理解 OpenStack Swift （3）：監控和一些影響性能的因素 [Monitoring and Performance]

本文轉載自查看原文 2015-11-17 10:16 3307 監控/ Swift/ 性能

本系列文章着重學習和研究OpenStack Swift，包括環境搭建、原理、架構、監控和性能等。

（1）OpenStack + 三節點Swift 集群+ HAProxy + UCARP 安裝和配置

（2）原理、架構和性能

（3）監控

對 Swift 集群的監控是必要的，特別是集群規模很大的時候。

1. 監控目標

主要的監控目標包括：

硬件故障
操作系統故障
Swift 集群健康狀態
Swift 集群狀態

2. Swift 提供的工具

2.1 Swift 自帶的各種 Audit 工具

2.1.1 磁盤監控工具 swift-drive-audit

該工具分析 /var/log/kern.log 文件，根據預定義的 regexp 來探測 kernel 報告的磁盤錯誤。通常地它會被 cron 周期性地運行。它使用一個配置文件，比如 /etc/swift/drive-audit.conf。如果該腳本發現了某個磁盤存在問題，它會自動 unmount 它，而且會在 /etc/fstab 中將它注釋掉。然后后端 replication 進程就會從其它 replica 中拷貝出一個新的 replica。這是示例配置文件。

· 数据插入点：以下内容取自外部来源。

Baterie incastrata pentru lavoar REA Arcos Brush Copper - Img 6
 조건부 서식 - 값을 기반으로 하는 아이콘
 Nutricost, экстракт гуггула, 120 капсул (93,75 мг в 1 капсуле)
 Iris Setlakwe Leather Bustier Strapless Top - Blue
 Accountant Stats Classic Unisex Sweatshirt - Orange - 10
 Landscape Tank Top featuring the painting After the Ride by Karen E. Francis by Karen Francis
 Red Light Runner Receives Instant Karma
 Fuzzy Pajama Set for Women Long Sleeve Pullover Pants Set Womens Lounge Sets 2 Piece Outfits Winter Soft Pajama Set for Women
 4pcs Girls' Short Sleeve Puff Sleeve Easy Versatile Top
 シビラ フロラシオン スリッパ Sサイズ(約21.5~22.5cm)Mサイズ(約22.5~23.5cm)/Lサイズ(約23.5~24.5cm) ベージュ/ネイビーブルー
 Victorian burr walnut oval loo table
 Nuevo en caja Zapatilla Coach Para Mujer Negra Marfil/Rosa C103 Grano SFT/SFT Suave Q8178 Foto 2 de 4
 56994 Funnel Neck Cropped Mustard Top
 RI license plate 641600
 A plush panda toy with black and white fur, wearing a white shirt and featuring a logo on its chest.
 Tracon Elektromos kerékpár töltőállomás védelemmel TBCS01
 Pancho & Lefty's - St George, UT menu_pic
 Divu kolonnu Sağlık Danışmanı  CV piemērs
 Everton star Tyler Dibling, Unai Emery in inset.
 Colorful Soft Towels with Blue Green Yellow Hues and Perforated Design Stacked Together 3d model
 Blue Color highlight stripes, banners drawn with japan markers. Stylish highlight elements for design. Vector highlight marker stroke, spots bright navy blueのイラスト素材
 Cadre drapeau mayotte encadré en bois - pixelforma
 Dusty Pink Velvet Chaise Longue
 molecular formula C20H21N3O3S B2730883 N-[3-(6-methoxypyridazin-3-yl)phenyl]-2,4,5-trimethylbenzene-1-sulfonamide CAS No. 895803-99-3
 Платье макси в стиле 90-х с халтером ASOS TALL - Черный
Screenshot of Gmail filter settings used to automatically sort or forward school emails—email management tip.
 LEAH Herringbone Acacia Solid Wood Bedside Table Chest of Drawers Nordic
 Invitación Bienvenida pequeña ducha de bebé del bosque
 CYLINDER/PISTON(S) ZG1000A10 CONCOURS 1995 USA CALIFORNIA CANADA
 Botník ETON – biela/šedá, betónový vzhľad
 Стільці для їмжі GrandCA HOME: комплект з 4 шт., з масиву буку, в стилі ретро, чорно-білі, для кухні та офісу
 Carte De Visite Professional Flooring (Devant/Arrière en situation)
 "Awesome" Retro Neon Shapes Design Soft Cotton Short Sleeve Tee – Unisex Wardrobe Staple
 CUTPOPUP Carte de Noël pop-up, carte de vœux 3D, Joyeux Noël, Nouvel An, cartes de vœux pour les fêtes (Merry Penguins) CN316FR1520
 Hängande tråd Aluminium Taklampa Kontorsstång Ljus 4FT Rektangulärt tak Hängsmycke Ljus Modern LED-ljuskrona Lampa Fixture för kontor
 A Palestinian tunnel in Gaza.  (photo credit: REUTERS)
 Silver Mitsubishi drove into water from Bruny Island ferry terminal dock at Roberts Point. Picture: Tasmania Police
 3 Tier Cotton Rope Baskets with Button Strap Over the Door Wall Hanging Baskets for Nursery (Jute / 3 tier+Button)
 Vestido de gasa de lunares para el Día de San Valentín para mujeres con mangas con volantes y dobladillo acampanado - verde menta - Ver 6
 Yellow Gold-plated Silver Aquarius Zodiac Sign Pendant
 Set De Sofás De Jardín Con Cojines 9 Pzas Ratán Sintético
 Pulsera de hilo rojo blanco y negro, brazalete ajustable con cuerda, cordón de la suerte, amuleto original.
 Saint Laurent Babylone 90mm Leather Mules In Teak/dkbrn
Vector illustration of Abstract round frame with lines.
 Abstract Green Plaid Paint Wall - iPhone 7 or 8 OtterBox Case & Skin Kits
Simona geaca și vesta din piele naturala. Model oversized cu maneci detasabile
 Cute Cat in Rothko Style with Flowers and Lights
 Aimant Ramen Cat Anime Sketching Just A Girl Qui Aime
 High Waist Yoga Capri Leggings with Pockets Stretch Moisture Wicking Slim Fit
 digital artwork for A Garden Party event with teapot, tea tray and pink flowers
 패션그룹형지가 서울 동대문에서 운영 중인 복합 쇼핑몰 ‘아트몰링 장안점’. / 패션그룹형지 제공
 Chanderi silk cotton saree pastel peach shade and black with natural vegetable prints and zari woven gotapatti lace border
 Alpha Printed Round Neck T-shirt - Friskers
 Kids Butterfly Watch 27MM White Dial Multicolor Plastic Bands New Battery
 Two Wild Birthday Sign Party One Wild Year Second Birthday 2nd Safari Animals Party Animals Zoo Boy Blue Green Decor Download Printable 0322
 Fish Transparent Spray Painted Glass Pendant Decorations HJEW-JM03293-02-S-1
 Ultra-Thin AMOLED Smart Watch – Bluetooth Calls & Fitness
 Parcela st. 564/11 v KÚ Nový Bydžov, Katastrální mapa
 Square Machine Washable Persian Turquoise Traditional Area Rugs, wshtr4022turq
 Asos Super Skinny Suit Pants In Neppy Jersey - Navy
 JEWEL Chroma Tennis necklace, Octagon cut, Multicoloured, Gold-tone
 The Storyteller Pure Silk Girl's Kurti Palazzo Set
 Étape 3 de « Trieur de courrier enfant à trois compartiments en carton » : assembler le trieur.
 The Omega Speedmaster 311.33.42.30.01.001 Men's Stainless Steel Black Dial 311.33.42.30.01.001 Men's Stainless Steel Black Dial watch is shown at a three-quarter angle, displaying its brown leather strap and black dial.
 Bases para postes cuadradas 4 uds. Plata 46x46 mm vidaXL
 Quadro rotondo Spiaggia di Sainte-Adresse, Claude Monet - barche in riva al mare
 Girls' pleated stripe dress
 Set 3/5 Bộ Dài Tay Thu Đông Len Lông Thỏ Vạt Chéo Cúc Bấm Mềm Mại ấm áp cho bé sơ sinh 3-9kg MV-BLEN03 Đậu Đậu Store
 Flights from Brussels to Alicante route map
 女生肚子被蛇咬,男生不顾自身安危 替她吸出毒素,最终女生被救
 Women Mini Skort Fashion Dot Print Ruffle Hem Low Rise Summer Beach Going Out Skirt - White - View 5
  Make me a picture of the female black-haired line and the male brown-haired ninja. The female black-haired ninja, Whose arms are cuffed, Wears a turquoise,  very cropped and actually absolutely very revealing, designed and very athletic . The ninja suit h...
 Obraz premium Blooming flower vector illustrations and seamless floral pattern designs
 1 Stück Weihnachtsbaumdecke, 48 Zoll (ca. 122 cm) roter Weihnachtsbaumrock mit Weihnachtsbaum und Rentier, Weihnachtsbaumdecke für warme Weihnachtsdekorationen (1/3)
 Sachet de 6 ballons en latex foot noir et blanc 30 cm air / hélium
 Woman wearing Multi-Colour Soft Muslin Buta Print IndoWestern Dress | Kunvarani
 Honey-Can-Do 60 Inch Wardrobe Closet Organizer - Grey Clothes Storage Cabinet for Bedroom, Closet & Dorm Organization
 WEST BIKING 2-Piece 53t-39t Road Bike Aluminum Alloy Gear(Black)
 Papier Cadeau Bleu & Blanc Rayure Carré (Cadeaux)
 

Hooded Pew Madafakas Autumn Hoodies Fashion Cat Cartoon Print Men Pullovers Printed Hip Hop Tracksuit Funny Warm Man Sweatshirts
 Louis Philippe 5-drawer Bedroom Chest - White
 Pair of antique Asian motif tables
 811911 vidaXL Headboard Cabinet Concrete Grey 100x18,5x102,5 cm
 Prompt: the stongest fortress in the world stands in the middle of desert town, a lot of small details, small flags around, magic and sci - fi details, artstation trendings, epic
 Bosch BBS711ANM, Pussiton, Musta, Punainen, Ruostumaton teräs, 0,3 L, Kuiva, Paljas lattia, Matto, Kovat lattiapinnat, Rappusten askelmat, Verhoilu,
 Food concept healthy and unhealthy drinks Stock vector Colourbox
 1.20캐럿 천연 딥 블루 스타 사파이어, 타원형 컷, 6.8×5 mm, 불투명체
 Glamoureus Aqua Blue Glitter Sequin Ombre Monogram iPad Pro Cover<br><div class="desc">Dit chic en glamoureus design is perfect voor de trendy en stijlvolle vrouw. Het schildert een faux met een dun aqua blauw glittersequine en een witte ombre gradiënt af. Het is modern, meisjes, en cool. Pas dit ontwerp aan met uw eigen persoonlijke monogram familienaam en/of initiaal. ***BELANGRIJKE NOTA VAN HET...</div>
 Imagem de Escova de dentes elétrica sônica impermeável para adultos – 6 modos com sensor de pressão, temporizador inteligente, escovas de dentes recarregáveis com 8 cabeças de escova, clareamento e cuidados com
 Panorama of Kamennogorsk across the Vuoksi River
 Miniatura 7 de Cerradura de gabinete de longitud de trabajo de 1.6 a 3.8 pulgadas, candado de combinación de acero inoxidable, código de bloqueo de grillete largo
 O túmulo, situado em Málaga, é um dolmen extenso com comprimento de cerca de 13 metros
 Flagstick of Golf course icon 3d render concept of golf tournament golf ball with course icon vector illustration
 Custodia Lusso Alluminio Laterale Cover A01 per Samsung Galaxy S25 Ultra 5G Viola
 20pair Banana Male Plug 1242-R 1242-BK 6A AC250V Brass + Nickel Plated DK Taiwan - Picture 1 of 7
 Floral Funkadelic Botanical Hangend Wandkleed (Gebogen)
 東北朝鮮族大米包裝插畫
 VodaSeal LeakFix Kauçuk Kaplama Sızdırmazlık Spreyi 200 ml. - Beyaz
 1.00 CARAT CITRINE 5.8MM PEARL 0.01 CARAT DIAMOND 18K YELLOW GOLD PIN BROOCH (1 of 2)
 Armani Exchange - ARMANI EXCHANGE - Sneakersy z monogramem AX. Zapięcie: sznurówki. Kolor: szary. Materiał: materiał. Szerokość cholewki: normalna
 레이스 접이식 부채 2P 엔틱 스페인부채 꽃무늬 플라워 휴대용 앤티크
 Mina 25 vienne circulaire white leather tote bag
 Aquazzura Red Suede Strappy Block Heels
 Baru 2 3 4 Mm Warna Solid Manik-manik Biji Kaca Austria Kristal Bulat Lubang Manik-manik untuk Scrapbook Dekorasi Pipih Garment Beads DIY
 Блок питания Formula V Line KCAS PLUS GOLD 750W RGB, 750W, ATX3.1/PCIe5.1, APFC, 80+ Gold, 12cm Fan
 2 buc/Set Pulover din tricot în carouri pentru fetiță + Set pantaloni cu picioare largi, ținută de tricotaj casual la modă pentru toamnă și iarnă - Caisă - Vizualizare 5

要使用它，必須首先創建一個配置文件 driver-audit.conf：

[drive-audit] 
device_dir = /srv/node 
log_facility = LOG_LOCAL0 
log_level = INFO 
minutes = 60 
error_limit = 1 
log_file_pattern = /var/log/kern* 
regex_pattern_1 = \berror\b.*\b(dm-[0-9]{1,2}\d?)\b

然后運行該工具：swift-drive-audit driver-audit.conf，然后上面描述的各種 action 就會有了。

2.1.2 account，container 和 object auditor

功能：

swift-account-auditor 會打開 account server 的 sqlite db，運行 SQL 查詢，確保 db 是有效的，並報告一個account 是否有 replica 缺失或者錯誤的對象。
swift-container-auditor 會對 containers 做同樣的事情.
swift-object-auditor 會打開一個對象服務器上的所有對象，確保它們的元數據是正確的，而且有有合適的大小和 MD5

它們都必須在各自對應的服務的配置文件中的 [account/object/container-auditor] 部分做相應配置，然后它們就會定期運行，並輸出日志。

2.2 集群監控狀態獲取工具 swift-dispersion-populate 和 swift-dispersion-report

這兩個工具用於獲取和報告集群的總體健康狀態。它需要訪問Swift 集群以及 Ring 文件。它需要一個自己的配置文件，往往把該配置文件放在 proxy server 上的 /etc/swift 目錄下。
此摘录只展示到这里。